**ABOUT THIS TASK:** A verbatim copy of the data is wanted, minus any picture in it.

**DATASET SECTION:**

■ ■ ■ ■ ■ ■ ■

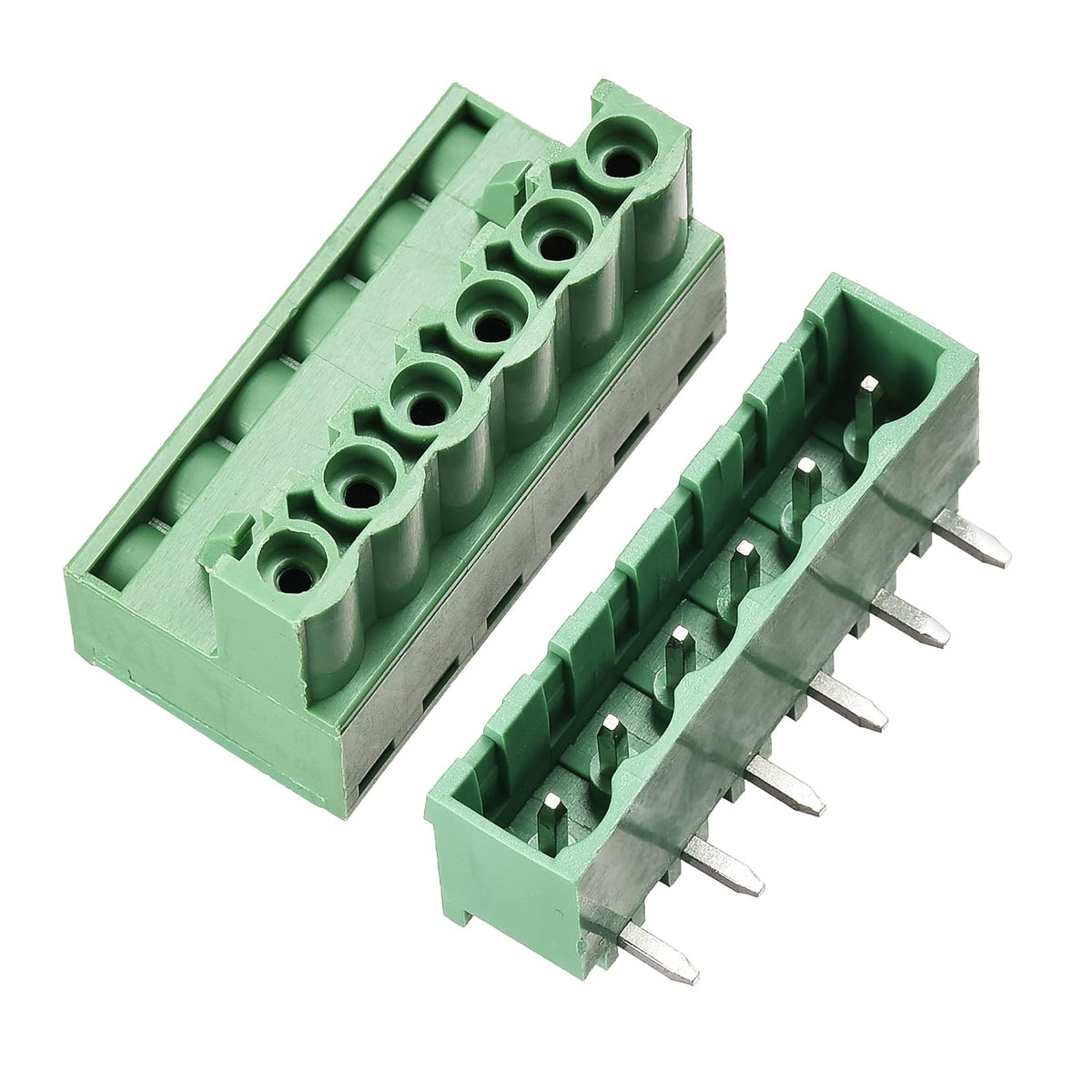 uxcell 6-Pin 5.08mm Pitch Right Angle PCB Screw Terminal Block Connector 5 Sets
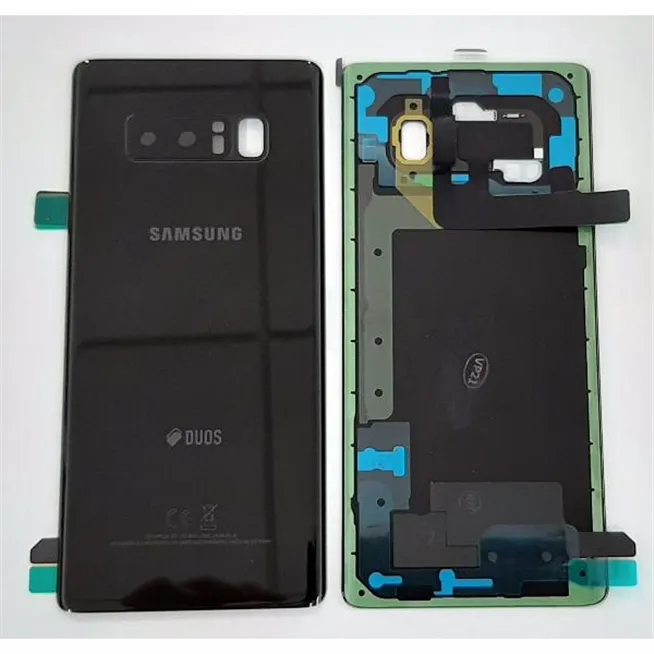 Tapa trasera o tapa bateria negra para Samsung Galaxy Note 8 SM-N950F GH82-14985A Service Pack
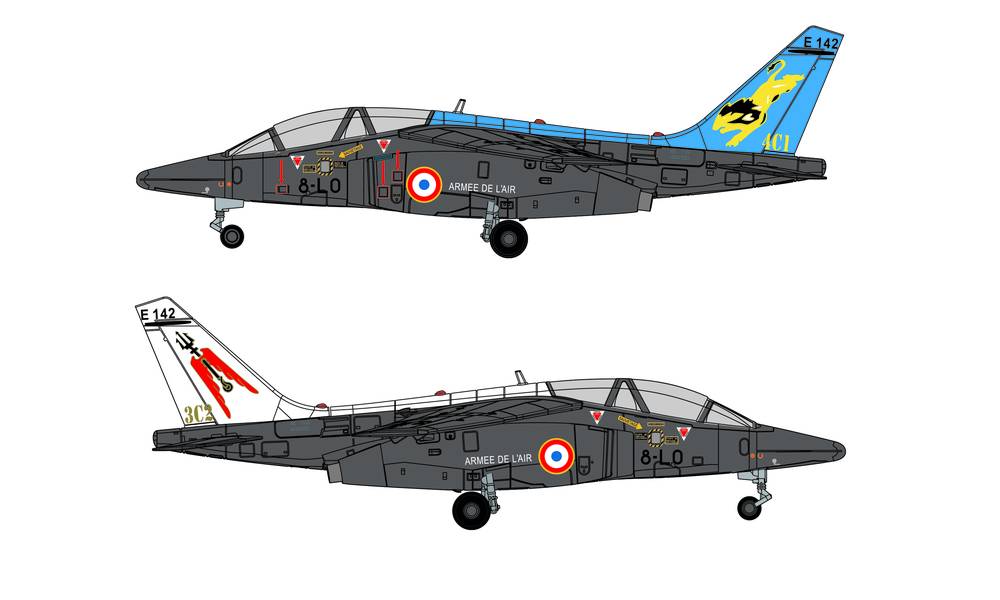 French Air Force Alpha Jet E – ETO 01.008 (Escadron de transition opérationnelle) "Saintonge", Base aérienne 120, Cazaux – E142 / 8-LO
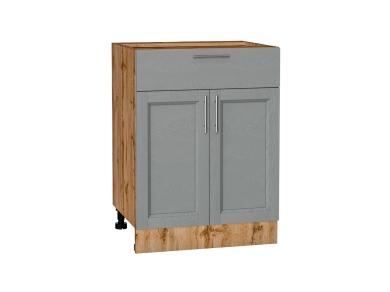 Шкаф нижний с 1 ящиком Сканди 601М Grey Softwood / Дуб Вотан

■ ■ ■ ■ ■ ■ ■

**PROBLEM SOLUTION:**
 uxcell 6-Pin 5.08mm Pitch Right Angle PCB Screw Terminal Block Connector 5 Sets
 Tapa trasera o tapa bateria negra para Samsung Galaxy Note 8 SM-N950F GH82-14985A Service Pack
 French Air Force Alpha Jet E – ETO 01.008 (Escadron de transition opérationnelle) "Saintonge", Base aérienne 120, Cazaux – E142 / 8-LO
 Шкаф нижний с 1 ящиком Сканди 601М Grey Softwood / Дуб Вотан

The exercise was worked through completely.